State Key Laboratory of Oncology in South China, Collaborative Innovation Center for Cancer Medicine, Sun Yat-sen University Cancer Center, Guangzhou, China.
Department of Urology, Sun Yat-sen University Cancer Center, Guangzhou, China.
Oncogene. 2022 Jul;41(28):3587-3598. doi: 10.1038/s41388-022-02371-1. Epub 2022 Jun 6.
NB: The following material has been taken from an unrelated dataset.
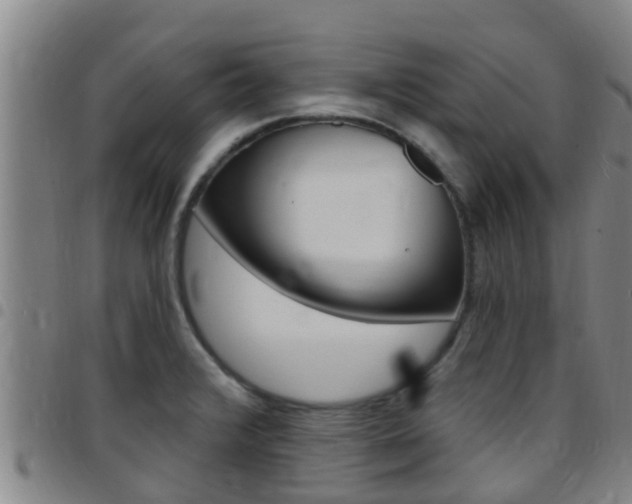 X0000097871376200803140909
Transcription dysregulation is a salient characteristic of bladder cancer (BC), but no appropriate therapeutic target for it has been established. Here, we found that heterogeneous downregulation of histone H4 transcription factor (HINFP) was associated with senescence in BC tissues and that lower HINFP expression could predict an unfavorable outcome in BC patients. Knockout of HINFP transcriptionally inhibited H1F0 and H1FX to trigger DNA damage, consequently inducing cell senescence to repress the proliferation and growth of BC cells. However, the senescence-associated secretory phenotype, characterized by increases in MMP1/3, enhances the invasion and metastasis of non-senescent BC cells. Histone deacetylase inhibitors (HDACis) could efficiently eliminate the senescent cells induced by HINFP knockout to suppress the invasion and metastasis of BC cells. Our study suggests that HDACis, widely used in multiple cancer types in a clinical context, may also benefit BC patients with metastases induced by cell senescence.
转录失调是膀胱癌 (BC) 的一个显著特征,但尚未确定针对它的合适治疗靶点。在这里,我们发现组蛋白 H4 转录因子 (HINFP) 的异质性下调与 BC 组织中的衰老有关,并且较低的 HINFP 表达可以预测 BC 患者的不良预后。HINFP 的敲除转录抑制 H1F0 和 H1FX 以引发 DNA 损伤,从而诱导细胞衰老以抑制 BC 细胞的增殖和生长。然而,衰老相关的分泌表型,其特征是 MMP1/3 的增加,增强了非衰老 BC 细胞的侵袭和转移。组蛋白去乙酰化酶抑制剂 (HDACi) 可以有效地消除由 HINFP 敲除诱导的衰老细胞,从而抑制 BC 细胞的侵袭和转移。我们的研究表明,HDACi 在临床背景下广泛用于多种癌症类型,也可能使由细胞衰老引起转移的 BC 患者受益。